**What is being asked:** Copy each line below without leaving any out.

**Dataset section:**
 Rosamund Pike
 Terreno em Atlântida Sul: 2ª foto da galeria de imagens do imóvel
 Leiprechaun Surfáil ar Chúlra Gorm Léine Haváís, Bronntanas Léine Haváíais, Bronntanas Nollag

**Written response:**
 Rosamund Pike
 Terreno em Atlântida Sul: 2ª foto da galeria de imagens do imóvel
 Leiprechaun Surfáil ar Chúlra Gorm Léine Haváís, Bronntanas Léine Haváíais, Bronntanas Nollag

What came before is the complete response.